Exercise:
Both the line with "Amiri Hoodie Fashion" and the line with "Princess-inspired girls bedroom" in the records below must appear in the output, along with every line between them, exactly and with nothing added.

The data:

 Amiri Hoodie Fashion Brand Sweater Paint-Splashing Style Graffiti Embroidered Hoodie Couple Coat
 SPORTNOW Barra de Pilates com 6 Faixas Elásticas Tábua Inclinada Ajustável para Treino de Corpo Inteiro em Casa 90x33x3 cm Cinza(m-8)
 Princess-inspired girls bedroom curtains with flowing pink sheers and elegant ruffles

--

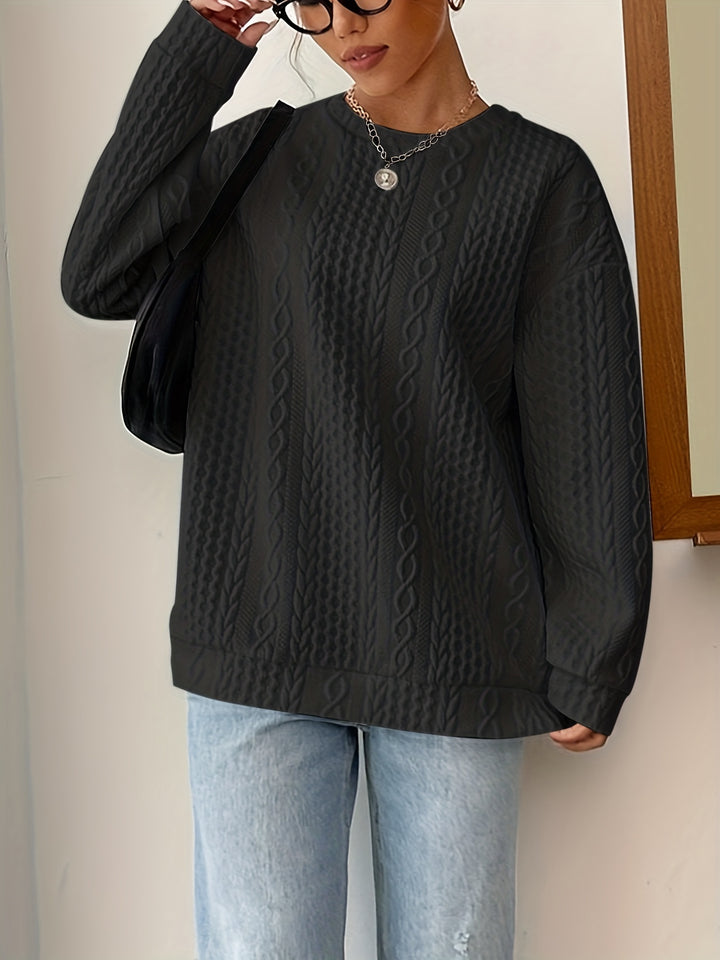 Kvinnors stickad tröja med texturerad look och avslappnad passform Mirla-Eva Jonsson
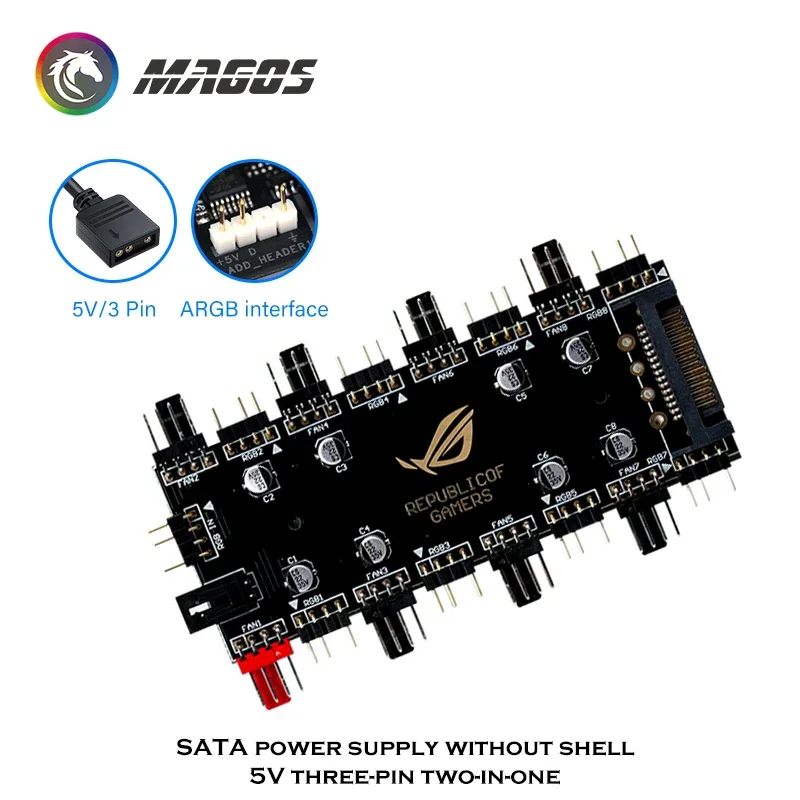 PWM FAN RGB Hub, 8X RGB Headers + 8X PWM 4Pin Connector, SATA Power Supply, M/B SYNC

Response to the exercise:
 Amiri Hoodie Fashion Brand Sweater Paint-Splashing Style Graffiti Embroidered Hoodie Couple Coat
 SPORTNOW Barra de Pilates com 6 Faixas Elásticas Tábua Inclinada Ajustável para Treino de Corpo Inteiro em Casa 90x33x3 cm Cinza(m-8)
 Princess-inspired girls bedroom curtains with flowing pink sheers and elegant ruffles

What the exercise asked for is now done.